Uno de los factores importantes en relación a la inversión extranjera, es la creación de zonas económicas especiales, siendo esta un componente clave del modelo del Sudeste Asiático. Algunas de las principales ZEE del Sudeste Asiático son: Batam Free Trade Zone (Indonesia), que destaca por sus industrias electrónicas, navales y manufactureras; Saigon Hi-Tech Park (Vietnam), que alberga empresas de alta tecnología; Eastern Economic Corridor (Tailandia), enfocada en industrias avanzadas como la robótica, la aviación, los vehículos eléctricos y la biotecnología; y Subic Bay Freeport Zone (Filipinas), un centro de logística y manufactura, desarrollado sobre una antigua base naval.
Finalmente, y como tercer factor, la ubicación geográfica ha sido un factor clave para el crecimiento de las economías del Sudeste Asiático por al menos tres razones:
Posición estratégica: La región se encuentra entre los océanos Índico y Pacífico, conectando Asia con Europa, África y Oceanía. Esto la convierte en un importante punto de paso para el comercio internacional.
Rutas marítimas importantes: Por el Sudeste Asiático pasan algunas de las rutas marítimas más transitadas del mundo, como el estrecho de Malaca, lo que facilita el transporte de mercancías y reduce los costos comerciales.
Atracción de inversiones: Su ubicación ha favorecido la instalación de puertos, zonas industriales y centros logísticos.

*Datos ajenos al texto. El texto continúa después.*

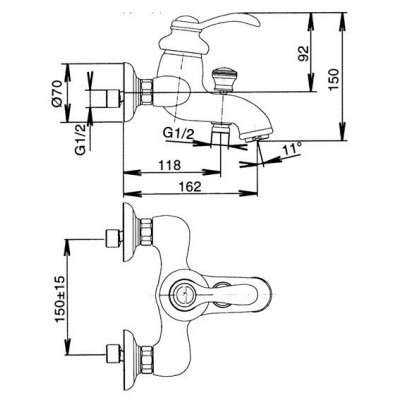 JACOB DELAFON Fairfax E71090-CP смеситель для ванны с душем, хром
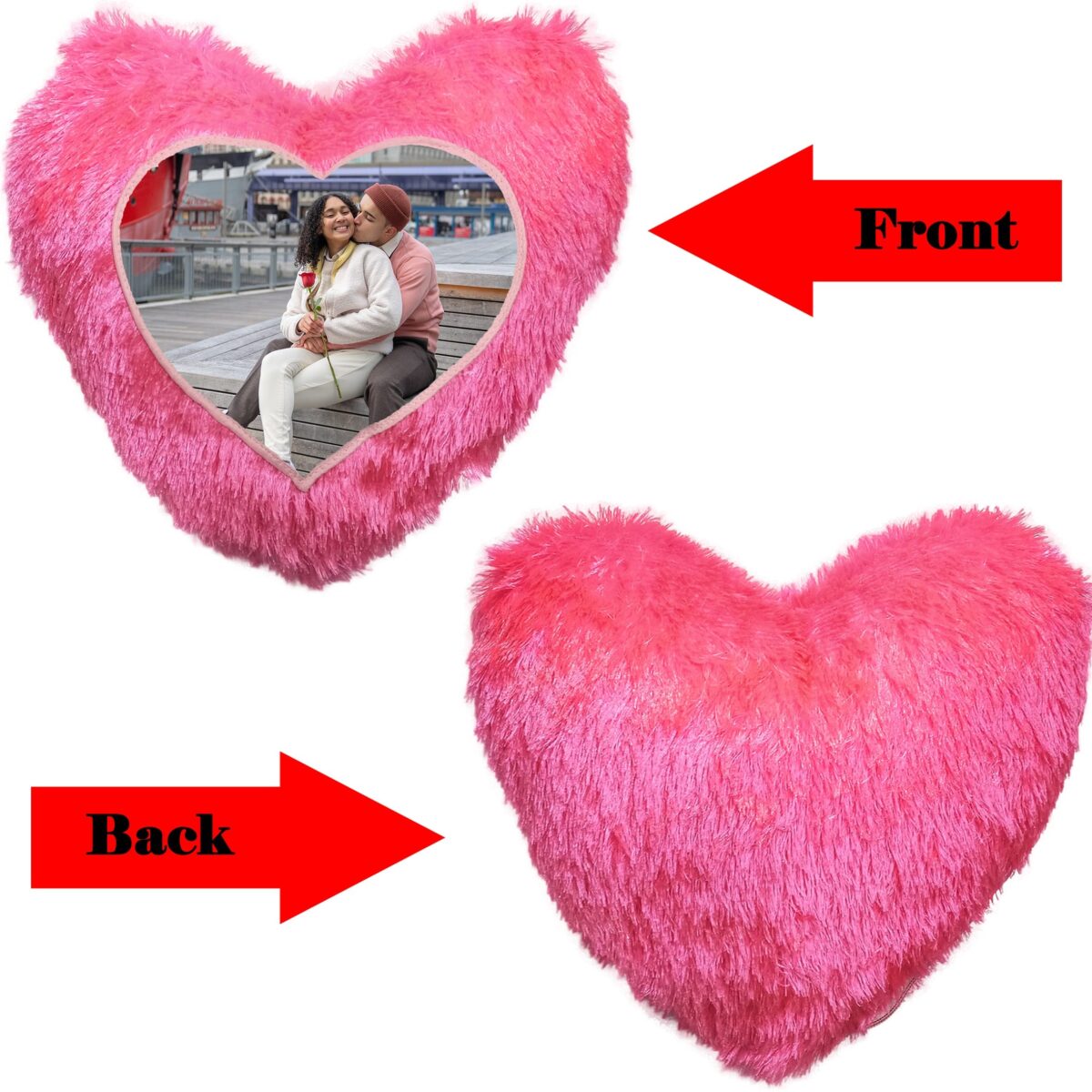 Heart Shape Single Side Personalized Photo Printed Fur Cushion (Back Fur) - Image 5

Esta posición geográfica privilegiada se ve reflejada en la red de importantes puertos que se ubican en puntos estratégicos; entre los más importantes están el Puerto de Singapur, uno de los puertos con mayor movimiento de contenedores del mundo, el Puerto Klang (Malasia), uno de los más activos de la región, y el Puerto de Tanjung Priok (Indonesia), el puerto más grande de Indonesia y un centro fundamental para el comercio del archipiélago.

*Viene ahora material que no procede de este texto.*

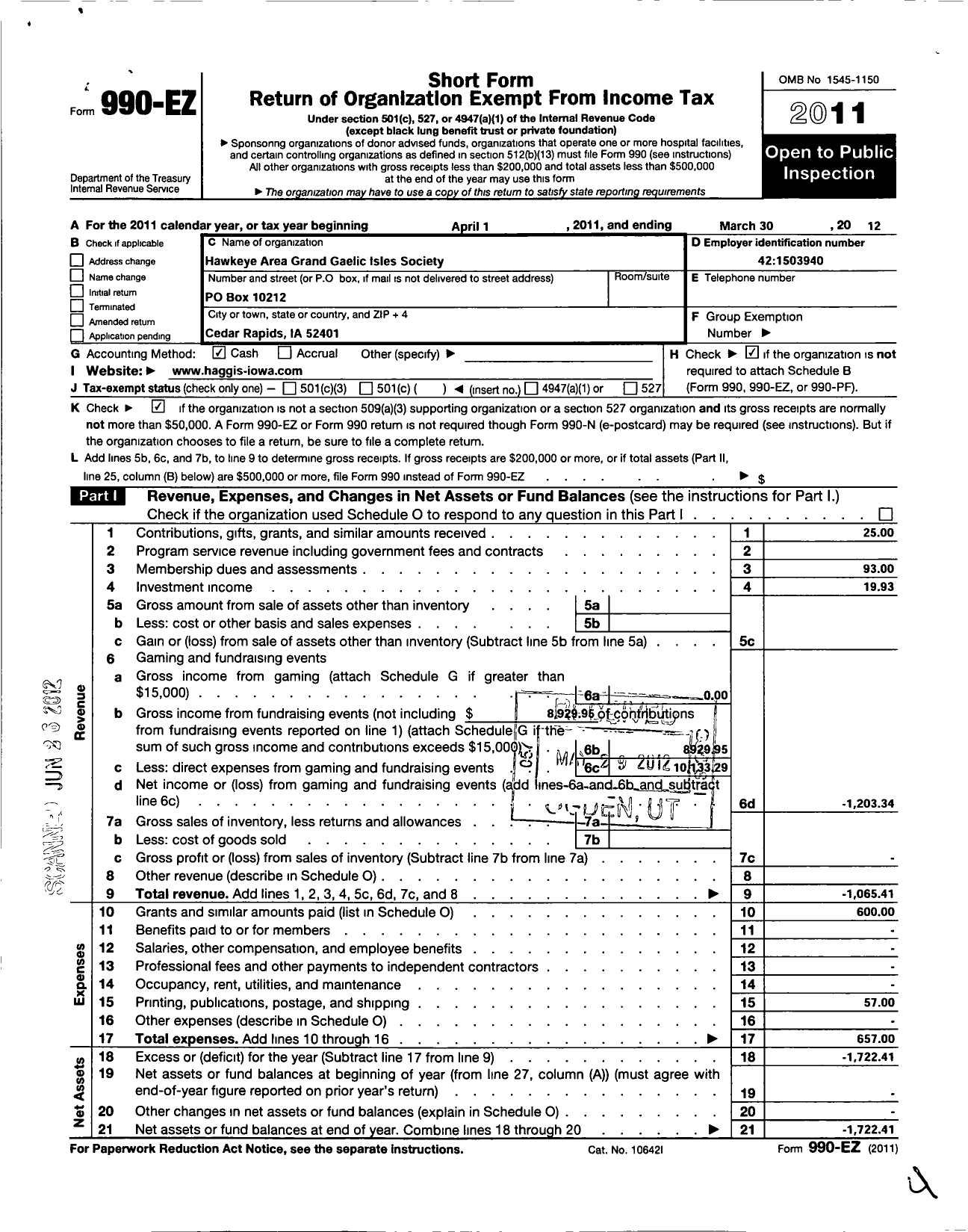 Image of first page of 2011 Form 990EO for Hawkeye Area Grand Gaelic Isles Society (HAGGIS)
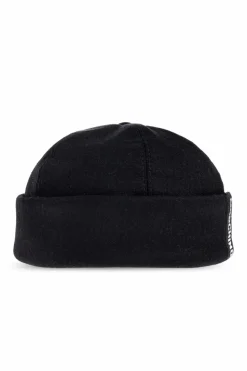 Moschino BLACK Cotton beanie with logo patch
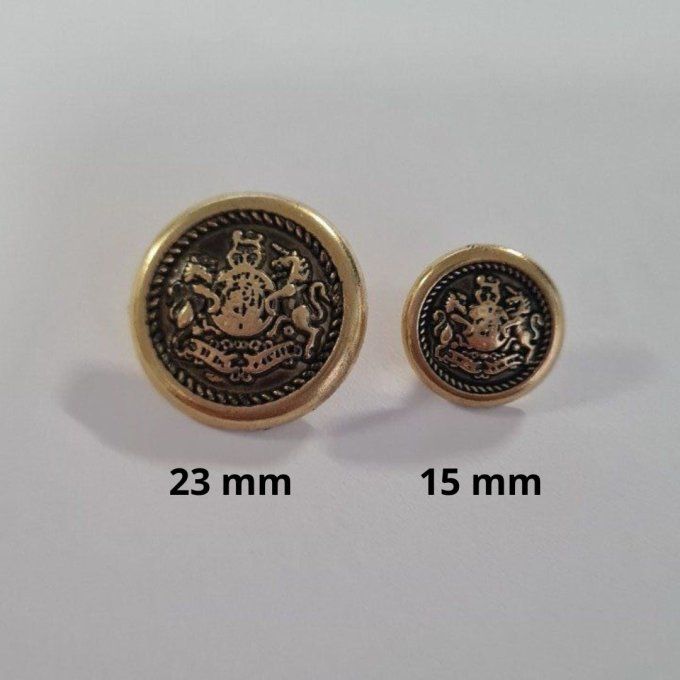 Bouton métal armoirie 15 / 23 mm à la pièce
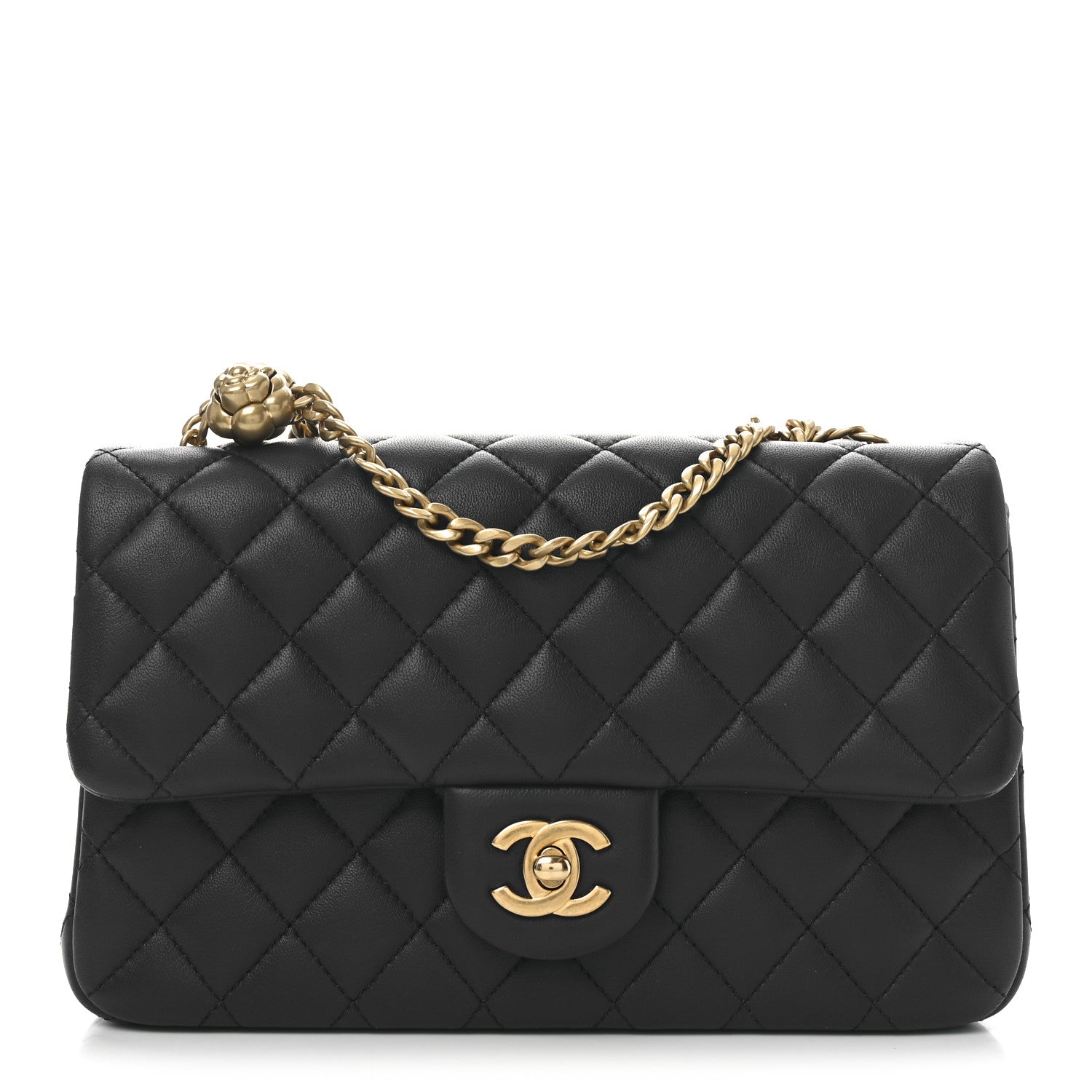 Lambskin Quilted Small Sweet Camellia Flap Navy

En conclusión, el ascenso de las economías del Sudeste Asiático refleja una profunda transformación en el panorama económico global, consolidando la región como un actor clave. Ciertamente, persisten desafíos como la desigualdad, la sostenibilidad ambiental y las tensiones geopolíticas, pero las perspectivas siguen siendo favorables para los próximos años, en donde su dinamismo y su influencia en el escenario internacional seguirán creciendo.